* [Task goal] Only one stretch of the data below is needed. Output the lines from the one with "Best Mum Mug at PotteryMarket" up to and including the one with "Willful m98 wireless", exactly as they stand.

════════════════

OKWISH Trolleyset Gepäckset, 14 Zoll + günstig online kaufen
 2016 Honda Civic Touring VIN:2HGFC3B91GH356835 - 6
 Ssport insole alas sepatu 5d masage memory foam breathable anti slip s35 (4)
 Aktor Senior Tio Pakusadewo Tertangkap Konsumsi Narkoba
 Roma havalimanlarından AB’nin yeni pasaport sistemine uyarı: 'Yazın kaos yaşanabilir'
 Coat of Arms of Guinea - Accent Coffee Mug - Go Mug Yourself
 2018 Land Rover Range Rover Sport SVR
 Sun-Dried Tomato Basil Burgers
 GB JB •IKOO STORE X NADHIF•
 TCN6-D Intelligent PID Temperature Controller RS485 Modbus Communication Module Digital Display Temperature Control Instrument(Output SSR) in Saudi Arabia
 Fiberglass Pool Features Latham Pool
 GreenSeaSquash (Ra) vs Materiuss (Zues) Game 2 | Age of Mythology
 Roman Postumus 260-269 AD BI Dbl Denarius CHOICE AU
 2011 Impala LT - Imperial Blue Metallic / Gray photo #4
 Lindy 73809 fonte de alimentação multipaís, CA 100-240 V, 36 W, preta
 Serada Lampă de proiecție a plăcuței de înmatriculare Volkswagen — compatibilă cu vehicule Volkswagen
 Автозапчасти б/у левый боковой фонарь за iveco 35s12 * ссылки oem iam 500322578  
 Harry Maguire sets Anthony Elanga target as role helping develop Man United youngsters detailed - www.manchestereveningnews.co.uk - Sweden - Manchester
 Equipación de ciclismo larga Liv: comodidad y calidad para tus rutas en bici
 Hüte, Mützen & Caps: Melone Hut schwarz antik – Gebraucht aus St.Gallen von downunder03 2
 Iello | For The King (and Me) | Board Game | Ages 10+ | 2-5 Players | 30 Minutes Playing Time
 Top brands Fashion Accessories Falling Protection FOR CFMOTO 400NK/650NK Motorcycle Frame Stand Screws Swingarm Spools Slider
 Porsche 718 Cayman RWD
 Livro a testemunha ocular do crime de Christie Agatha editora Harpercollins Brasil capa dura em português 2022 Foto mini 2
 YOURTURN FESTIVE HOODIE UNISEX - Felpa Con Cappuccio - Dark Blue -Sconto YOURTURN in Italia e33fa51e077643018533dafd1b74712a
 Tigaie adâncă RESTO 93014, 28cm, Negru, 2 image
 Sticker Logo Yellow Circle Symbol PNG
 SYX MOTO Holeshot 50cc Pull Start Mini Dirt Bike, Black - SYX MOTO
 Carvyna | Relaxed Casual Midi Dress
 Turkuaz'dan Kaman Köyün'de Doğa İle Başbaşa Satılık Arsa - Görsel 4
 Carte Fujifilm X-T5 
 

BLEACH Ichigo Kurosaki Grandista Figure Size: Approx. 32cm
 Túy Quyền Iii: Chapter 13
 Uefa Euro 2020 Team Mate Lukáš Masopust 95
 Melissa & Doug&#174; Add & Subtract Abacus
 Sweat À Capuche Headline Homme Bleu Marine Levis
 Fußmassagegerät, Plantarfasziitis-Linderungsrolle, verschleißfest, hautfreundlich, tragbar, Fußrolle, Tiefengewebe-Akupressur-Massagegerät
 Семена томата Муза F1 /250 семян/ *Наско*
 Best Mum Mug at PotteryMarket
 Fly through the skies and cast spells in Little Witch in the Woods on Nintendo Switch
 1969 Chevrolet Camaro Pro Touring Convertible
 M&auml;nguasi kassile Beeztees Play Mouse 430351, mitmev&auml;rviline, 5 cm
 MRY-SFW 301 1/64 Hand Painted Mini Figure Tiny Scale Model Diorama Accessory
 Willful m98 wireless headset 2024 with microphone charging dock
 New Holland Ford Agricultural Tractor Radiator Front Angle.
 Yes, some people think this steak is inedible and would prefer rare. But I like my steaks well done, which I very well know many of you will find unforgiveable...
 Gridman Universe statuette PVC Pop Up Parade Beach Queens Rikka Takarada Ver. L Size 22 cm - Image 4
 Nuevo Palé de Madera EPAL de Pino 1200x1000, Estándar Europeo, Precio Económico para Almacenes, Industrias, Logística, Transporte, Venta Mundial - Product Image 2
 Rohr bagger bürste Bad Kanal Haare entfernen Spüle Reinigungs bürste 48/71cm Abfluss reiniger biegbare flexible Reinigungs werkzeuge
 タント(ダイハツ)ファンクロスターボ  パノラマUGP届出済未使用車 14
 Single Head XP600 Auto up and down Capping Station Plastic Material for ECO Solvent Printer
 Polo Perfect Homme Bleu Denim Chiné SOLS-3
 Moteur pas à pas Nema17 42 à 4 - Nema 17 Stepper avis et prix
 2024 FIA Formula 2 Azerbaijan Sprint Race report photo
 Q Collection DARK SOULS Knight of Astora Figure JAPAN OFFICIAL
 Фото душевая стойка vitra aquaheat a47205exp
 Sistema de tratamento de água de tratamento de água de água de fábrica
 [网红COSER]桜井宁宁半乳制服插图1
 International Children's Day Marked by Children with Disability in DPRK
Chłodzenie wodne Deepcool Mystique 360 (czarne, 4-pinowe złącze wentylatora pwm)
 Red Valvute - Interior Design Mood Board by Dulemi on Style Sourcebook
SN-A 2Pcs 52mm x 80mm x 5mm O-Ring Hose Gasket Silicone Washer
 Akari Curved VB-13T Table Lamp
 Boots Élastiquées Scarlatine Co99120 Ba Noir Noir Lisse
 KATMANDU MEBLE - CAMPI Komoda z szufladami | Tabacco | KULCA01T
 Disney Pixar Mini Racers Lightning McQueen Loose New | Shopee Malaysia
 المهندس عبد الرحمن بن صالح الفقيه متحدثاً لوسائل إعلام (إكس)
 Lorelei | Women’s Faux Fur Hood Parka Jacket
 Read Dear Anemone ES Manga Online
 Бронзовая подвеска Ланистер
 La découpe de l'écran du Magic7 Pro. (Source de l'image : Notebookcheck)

════════════════

* [Answer to the problem]
 Best Mum Mug at PotteryMarket
 Fly through the skies and cast spells in Little Witch in the Woods on Nintendo Switch
 1969 Chevrolet Camaro Pro Touring Convertible
 M&auml;nguasi kassile Beeztees Play Mouse 430351, mitmev&auml;rviline, 5 cm
 MRY-SFW 301 1/64 Hand Painted Mini Figure Tiny Scale Model Diorama Accessory
 Willful m98 wireless headset 2024 with microphone charging dock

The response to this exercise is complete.